The chairman of a public inquiry into what happened in Telford, Tom Crowther QC, said, “The overwhelming theme of the evidence has been the appalling suffering of generations of children caused by the utter cruelty of those who committed child sexual exploitation.”
But he also criticised those who failed to investigate the allegations for years “because of nervousness about race.”
Crowther said more than 1,000 children had been sexually exploited in Telford over a 30-year period.
Seven people were eventually convicted of sexually abusing, trafficking, and prostituting four teenagers between March 2008 and December 2009 in the so-called Operation Chalice trial.
In 2012 Ahdel Ali, 25, and his brother Mubarek Ali, 29, were jailed for 18 years and 14 years, respectively.
Crowther criticised West Mercia Police (WMP) and Telford and Wrekin Council for reducing their specialist teams down to “virtual zero” to save money when Operation Chalice was over.
The inquiry heard that the perpetrators would seek out vulnerable girls, often those in care or with foster parents, and would give them lifts, buy them food, alcohol, and cigarettes, and then expect sexual favours in return.
Police Failed to Do ‘Most Basic Job’
Crowther criticised West Mercia Police which he said had failed to do “its most basic job.”Crowther said: “Victims and survivors repeatedly told the inquiry how, when they were children, adult men worked to gain their trust before ruthlessly betraying that trust, treating them as sexual objects or commodities. Countless children were sexually assaulted and raped. They were deliberately humiliated and degraded. They were shared and trafficked. They were subjected to violence and their families were threatened. They lived in fear and their lives were forever changed.”
The Telford case, along with similar Asian grooming gangs in Rotherham, Oxford, Rochdale, and Huddersfield, led to accusations that politicians, social workers, and senior police officers turned a blind eye to the abuse for fear of being accused of being racist.

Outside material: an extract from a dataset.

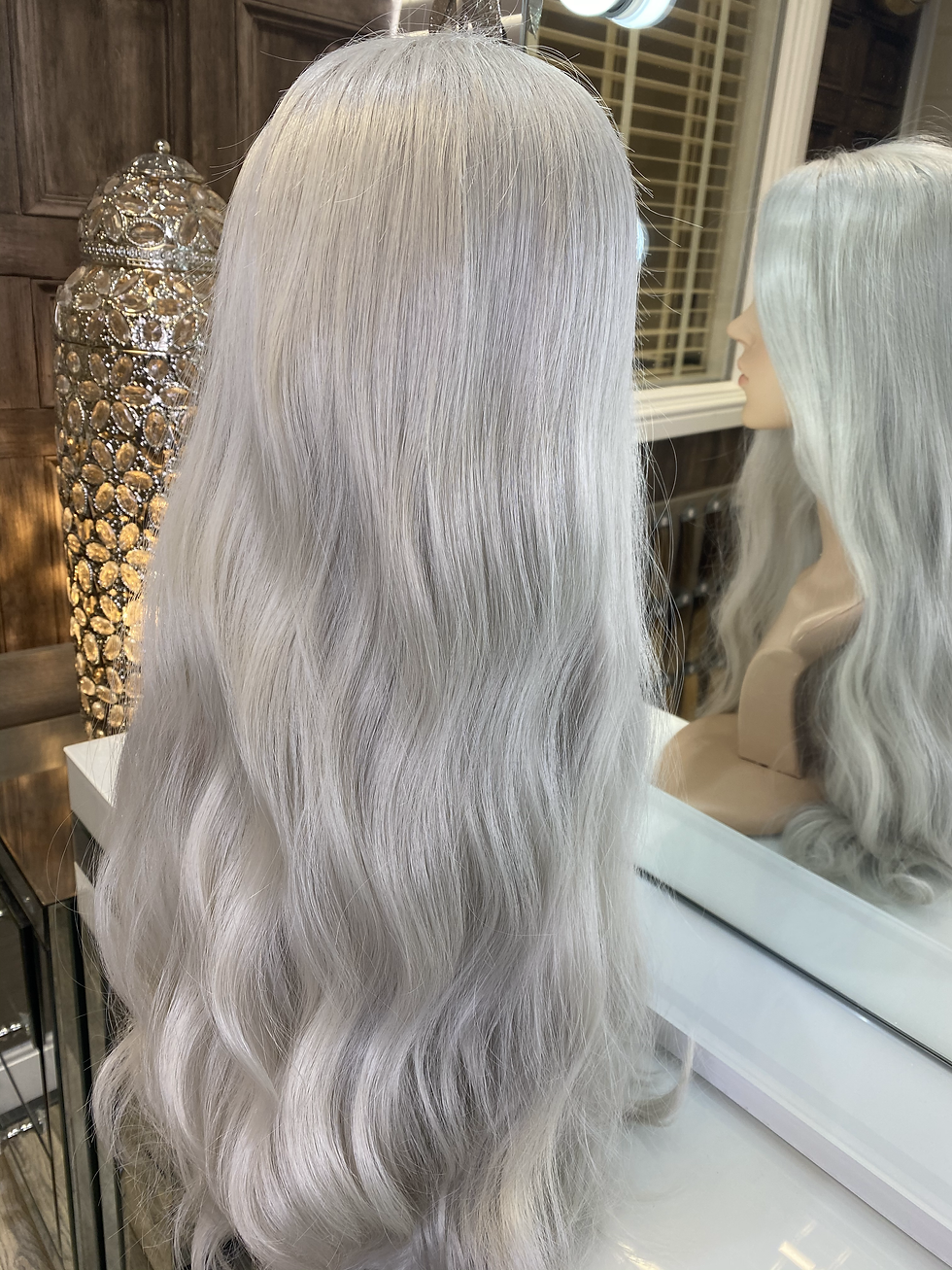 Miniatura: Silver wavy fibre wig with fringe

Crowther addressed this, saying: “So far as both the council and WMP were concerned, a number of features appear to have contributed to this shocking failure to address [child sexual exploitation]: a focus upon abuse within the family, at the expense of extra-familial exploitation; over-caution about acting in the absence of ‘hard evidence’—a formal complaint from a child—about exploitation; and a nervousness that investigating concerns against Asian men, in particular, would inflame racial tensions.”